States and local governments have been remiss in not funding the pension promises they make.
Facts: Today’s underfunding is the result of the drop in investment values from the “Great Recession,” not a persistent failure to fund promised pensions adequately. In fact, prior to the recession, collectively state and local pensions were 100% fully funded. Pension experts consider public pension liabilities funded at the 70% level to be adequate, since long-term market gyrations will likely bring pension funding back to full at some point.
Pension liabilities and surpluses, at any point in time, are a snapshot of a long-term liability. That is why pension funding ratios are typically smoothed over a five-year period to give a more balanced reflection of a system’s true status. Many pension systems that were fully funded prior to 2008 became underfunded as a result of the market crash of 2008-2009. With an improving stock market (which has almost doubled) since the recession, the smoothing technique will bring many pension systems back to full funding once the perilous years of 2008-2009 eventually roll off the five-year moving average.
Pension systems generally use an 8% return rate – unrealistic in today’s markets.
Facts: The $3 trillion estimate overstates the unfunded liability since it usually assumes a “riskless” rate of return – based on much lower assumptions than actually experienced by pension fund investments. In fact, as of the date of this writing, the S&P 500 index shows a 12.5% return over the prior 52 weeks. Since most pension systems are heavily invested in equities, the historical return (excluding the recession) has often exceeded the questioned 8% return rate used to model pension fund performance.
State and local government pension funds are about to run out of money
Facts: According to the Federal Reserve (as quoted in Government Finance Review), public pensions’ combined value totaled $2.73 trillion as of the third quarter of 2010 – a substantial increase from the early 2009 level of $2.17 trillion, and has continued to increase since. Changes to contributions by both employers and employees have helped ameliorate disparities that have occurred due to market performance and the aging of baby boomers moving to retirement.

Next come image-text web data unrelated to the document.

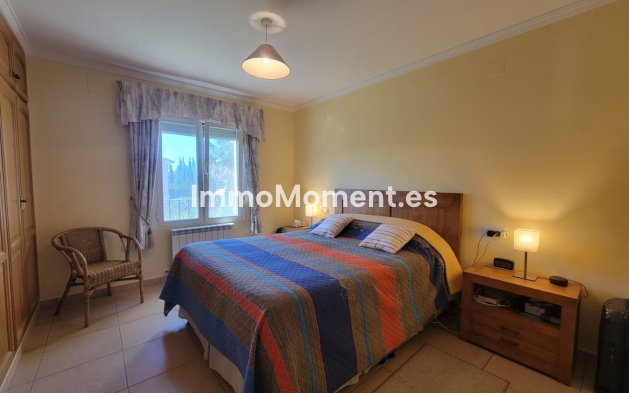 Resale - Villa - Calpe - Calpe Centro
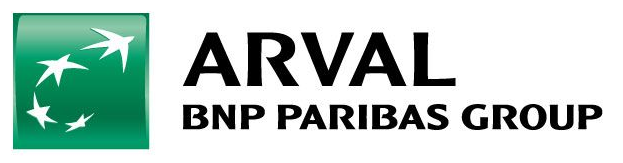 Logo arval autonoleggio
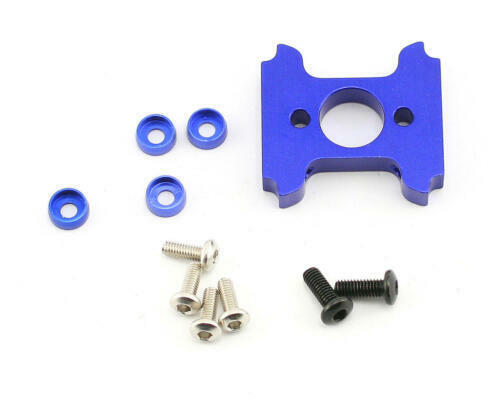 Aluminum Motor Mount Set B400
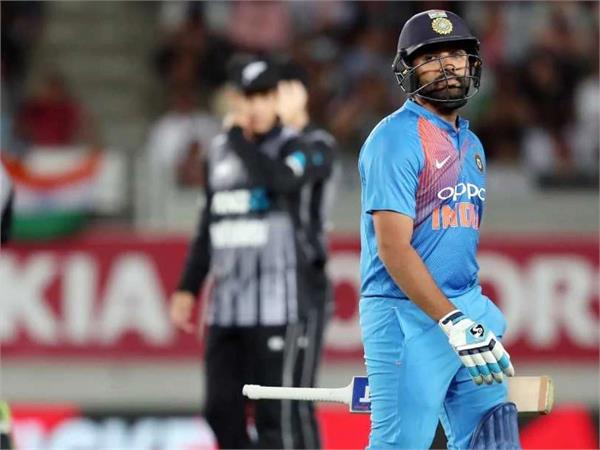 rustrating at the defeat  we could win  rohit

In fact, while most states have maintained well funded pension systems, there are a few (such as New Jersey and Illinois) that have severely unfunded pension liabilities. New Jersey, for example, was fully funded as recently as 2002, when it stopped making required contributions. Still, it is meeting current commitments and seeking a solution to its longer-run problems. Overall, since 2000, 21 states have increased employee contributions, 25 have changed eligibility or benefit formulas, 10 have reduced cost of living allowances, and 14 have modified their pension plans by adding defined contribution or hybrid plans. Through changes such as these, states have shown the resolve needed to ensure their pension plans remain solvent into the future.
Reform needed
Reform of public pension plans is clearly needed to bring them more in line with those offered in the private sector. Defined contribution plans are on the way and will play a greater part in public-employee benefits in the future. Police and fire pensions, which typically reward employees with higher benefits than general government employees, will need to resemble their non-uniformed colleagues. Clearly, those governmental units that have not funded their pension programs adequately will have to face the music.
Nevertheless, pension funding is a long-term liability and needs to be measured as such – not by a snapshot taken at any given point in time.